Going for a walk in itself can be quite meditative, but when we tune into where the mind is focused, it’s easy to see the habitual distractions. Many times when we walk, we are paying attention to thoughts about where we came from, where we’re going, or what’s for dinner tonight. Our minds are typically not focused on walking or what is going on around us while we’re walking.

Walking meditation is a great starting point for becoming more attuned to the present. By walking mindfully, we can direct our awareness to the actions of stepping, or what we are observing right now. Below are our recommendations for walking meditation. If your mobility limits you from walking, that’s okay – however you get around, use this time to observe the sensations, sights, and sounds in and around you. Eventually, you may notice the awareness from this exercise trickle into your everyday walking experience and beyond.
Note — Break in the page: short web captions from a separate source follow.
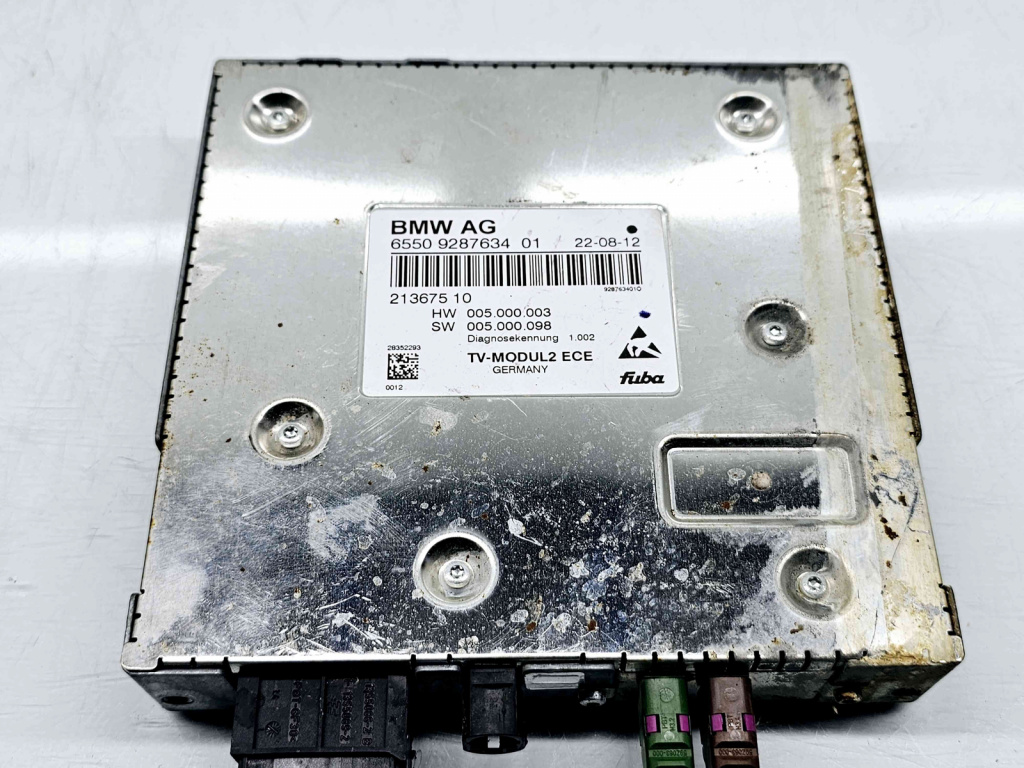 Modul confort Bmw X6 (E71, E72) [Fabr 2007-2014] 21367510 9287634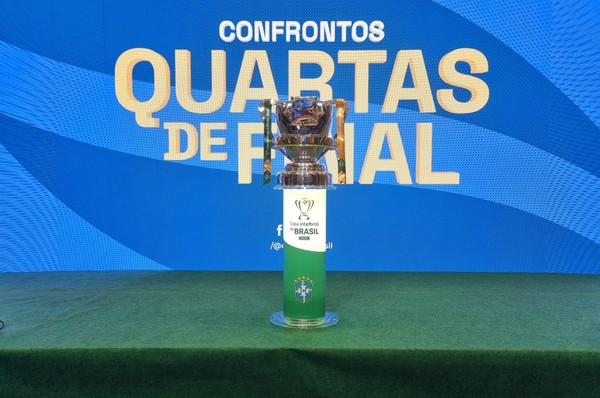 Quartas de final da Copa do Brasil reúnem 17 títulos da competição, maior número em três anos | copa do brasil | ge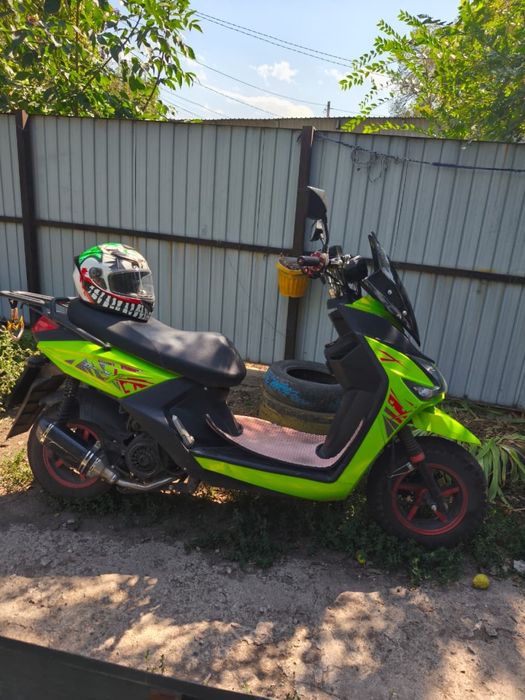 Мопед Samyrai 150 кб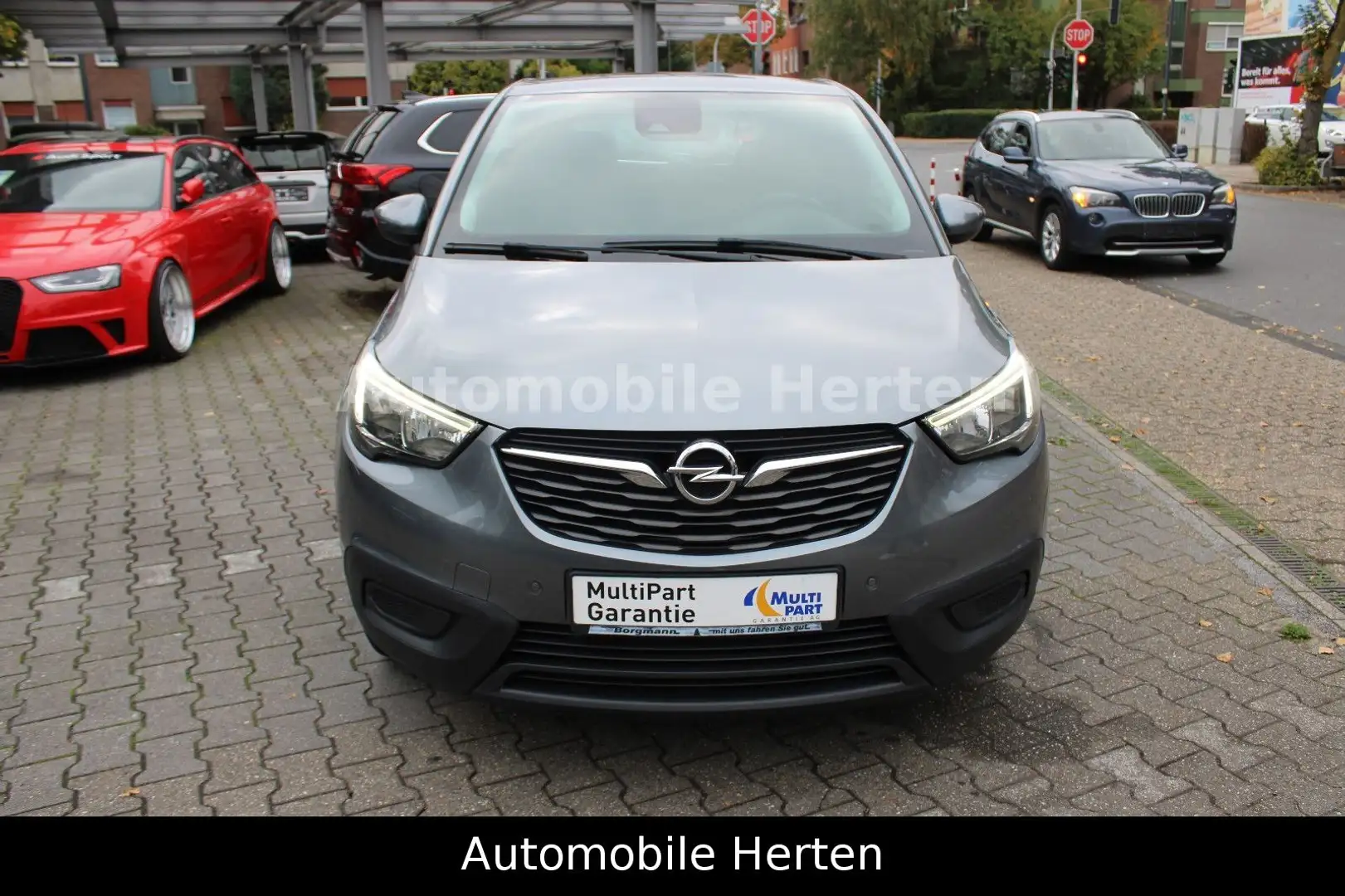 Opel Crossland X 1.2*EDITION*AUTOMATIK*AHK*TOP! Gris - 2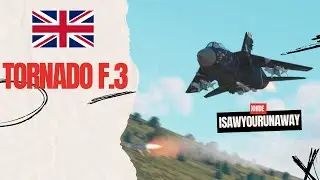 Tornado F.3 - доставщик ПАРЛов в 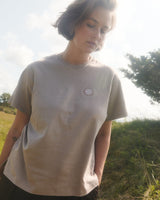 RE.ELSK GLOBE WOMEN'S INTERLOCK T-SHIRT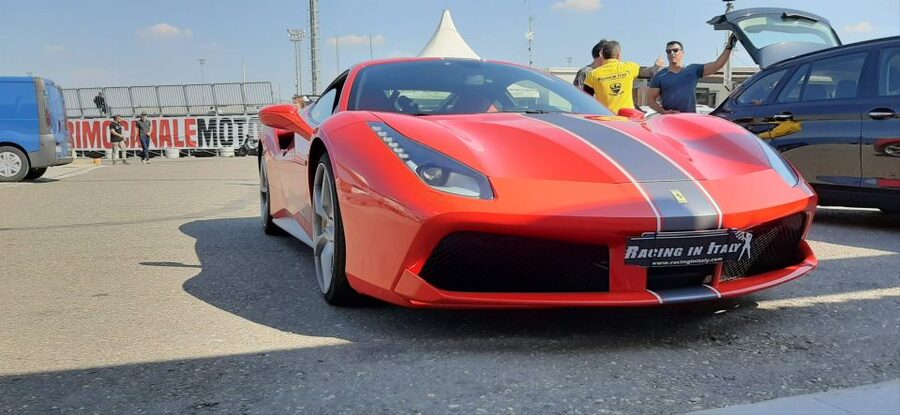 Milan: Test Drive a Ferrari 488 on a Race Track - Weather, track sessions, and staying flexible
Keep your eyes open and notice the things you see. What is stationary? What is moving? Notice colors. Notice textures.

What do you hear? It might be the sounds of nature or a busy city street. Become aware of it all, just as it is, without judging it or applying meaning to what you hear.

Notice any scents you pick up on. Again, these might seem pleasant or unpleasant at first, but try to observe them without labels. Notice when a smell starts to drift away or change.

Become aware of the changing weight, sensations, and speeds from one leg to another. Focus your attention at first on the left heel when it makes contact with the ground, and how it transfers to the ball of the left foot. Notice this with the right foot, too. What is the pause like between steps?

How does the rest of your body move while you walk? Notice the hips, the spine, and the shoulders. What does the body feel like today as a whole? Try not to judge what you find.

When you notice the mind wander away from this exercise, slow your pace and gently bring the attention back to the patterns of the feet.